Le prospettive di genere contribuiscono a dinamizzare l'immagine di Dio - pensarlo come Verbo attivo piuttosto che sostantivo statico, sviluppare teologie relazionali, integrare dimensioni corporee e cosmiche. Non si tratta di femminilizzare Dio ma di liberarlo dalle gabbie patriarcali per riscoprirne la ricchezza inesauribile che abbraccia e trascende ogni differenza. Dio come mistero che eccede ogni definizione e accoglie ogni vita nella sua pienezza.
Il turbamento nasce perché toccare l'interpretazione della differenza sessuale significa andare a toccare qualcosa di cruciale, simbolicamente inaggirabile. Il timore è segno di intelligenza, la paura invece chiude e diventa violenta verso vite che si presentano diverse da come le avevamo previste.

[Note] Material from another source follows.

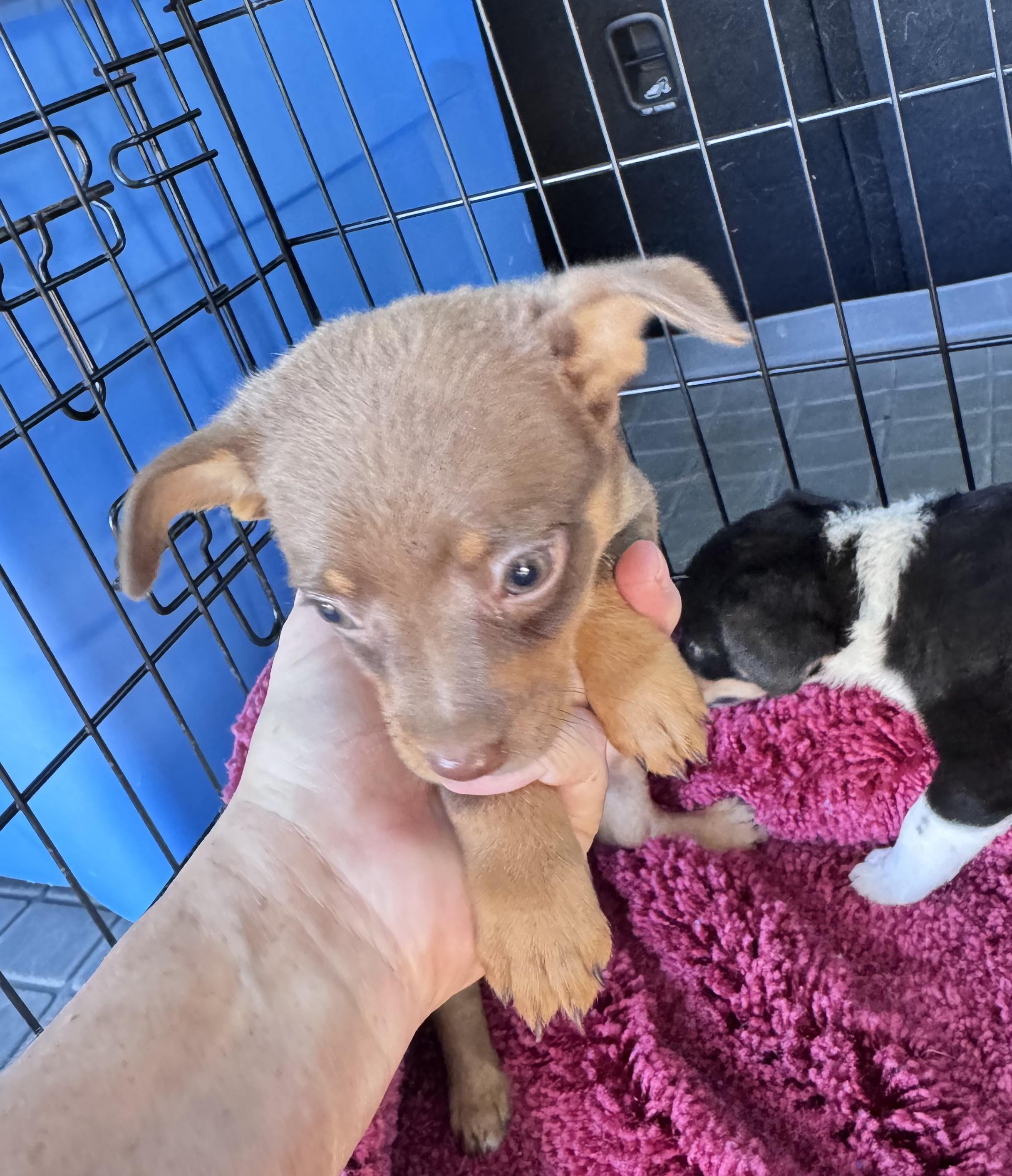 Nutmeg, Adopted, Puppy Female Chihuahua.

Le resistenze hanno radici multiple: minaccia ai sistemi di potere consolidati, paura dell'ignoto quando le certezze vengono messe in discussione, resistenze inconsce legate all'ordine simbolico dominante. Spesso si reagisce a caricature piuttosto che ai contenuti reali. Noi non siamo Dio e non sappiamo cosa certe vite siano nello sguardo amorevole e creativo divino. La sfida è distinguere tra timore intelligente e paura paralizzante.
La chiesa ha sempre avuto enormi problemi con il tema del desiderio; la teologia queer può portare ad una stagione di pacificazione su questo conflitto?
Non credo che la teologia queer da sola risolverà il problema del desiderio nella Chiesa. Ci servono sinergie multiple perché il problema è sistemico. La Chiesa ha sempre avuto difficoltà con il desiderio, riducendolo alla sfera sessuale e opponendolo alla spiritualità. Si è creata una scissione tra spirituale e corporeo, pubblico e privato.
Il paradosso è che la Chiesa vive dei desideri del popolo ma poi li sequestra, non li restituisce arricchiti alla vita. La teologia queer può contribuire mostrando che le identità sono dinamiche, la diversità è ricchezza, l'esclusione impoverisce tutti. Serve una trasformazione verso un'etica della vulnerabilità, una spiritualità incarnata, una pastorale dell'accompagnamento che riconosca: la vita è più importante delle nostre definizioni.
L'intervista a Lucia Vantini è realizzata da Paolo Vavassori in collaborazione con Giorgio Gervasoni.